Un récent arrêté vient de préciser la composition du dossier de demande d’agrément qui doit être déposé par les associations souhaitant intenter des actions de groupe.

Dans le cadre d’une action de groupe, une association réunit les actions en justice individuelles de plusieurs personnes victimes d’un même manquement ou d’un manquement de même nature commis par une même personne comme une société (réparation des effets secondaires d’un même médicament, achat par plusieurs consommateurs du même produit défectueux, discriminations à l’embauche commises par un même employeur, etc.).

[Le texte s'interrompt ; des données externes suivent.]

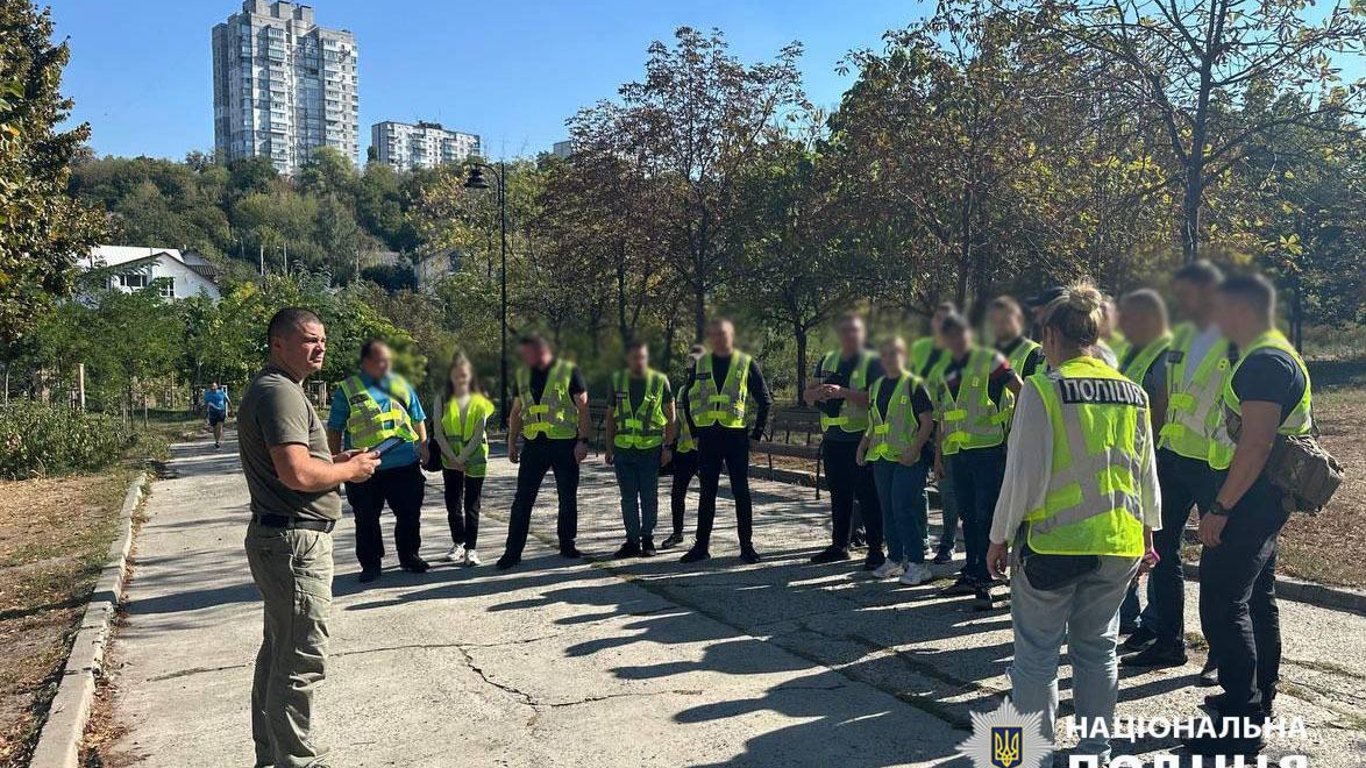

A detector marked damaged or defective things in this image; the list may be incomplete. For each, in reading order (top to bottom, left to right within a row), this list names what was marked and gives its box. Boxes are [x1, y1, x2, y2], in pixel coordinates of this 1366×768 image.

cracked concrete path [109, 436, 1366, 764]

L’action de groupe peut être exercée pour obtenir la cessation d’un manquement et/ou la réparation d’un préjudice. En principe, pour déclencher une telle action, les associations doivent obtenir un agrément des pouvoirs publics.

Demander un agrément

L’association qui souhaite exercer des actions de groupe doit déposer une demande d’agrément auprès de la direction générale de la concurrence, de la consommation et de la répression des fraudes (DGCCRF).

Un récent arrêté vient de préciser la composition du dossier de demande d’agrément. Ainsi, celui-ci doit contenir notamment :– l’indication de l’objet statutaire pour lequel l’agrément est demandé ;– une copie du Journal officiel contenant l’extrait de la déclaration initiale de l’association ;– un exemplaire de ses statuts et de son règlement intérieur ;– une note présentant son activité, son champ géographique d’intervention, ainsi que « tout élément de nature à établir qu’elle a effectivement et publiquement œuvré pour la défense de son objet statutaire » ;– le procès-verbal de la dernière assemblée générale ;– son dernier rapport annuel d’activité et, le cas échéant, le registre spécial des délibérations ;– son dernier rapport financier et, le cas échéant, le dernier rapport du commissaire aux comptes ;– la liste de ses membres dirigeants ;– une copie de sa procédure interne de prévention et gestion des conflits d’intérêts ;– une attestation de moins de 3 mois qui justifie de l’absence d’ouverture d’une procédure collective ;– une note de présentation du président attestant « des moyens mis en œuvre pour mettre à la disposition du public les informations sur son objet statutaire, ses activités, les sources principales de son financement et son organisation » ;– une copie de ses autres agréments.


En pratique : la demande d’agrément est déposée via le téléservice dédié accessible sur le site

demarche.numerique.gouv.fr

.

La DGCCRF délivre à l’association un accusé de réception lorsque le dossier est complet. Elle doit donner sa réponse dans les 3 mois à compter de cette délivrance, sachant que l’absence de réponse dans ce délai vaut rejet de la demande. L’agrément est accordé pour une durée de 5 ans renouvelable.

La demande de renouvellement de l’agrément doit, quant à elle, être déposée pendant le sixième mois qui précède la date d’expiration de l’agrément en cours.


À noter : tous les ans, les associations agréées doivent adresser à la DGCCRF leur rapport annuel d’activité et leur rapport financier, ainsi que, s’ils ont été modifiés, leur statut, leur procédure interne de prévention et gestion des conflits d’intérêts et la liste de leurs dirigeants.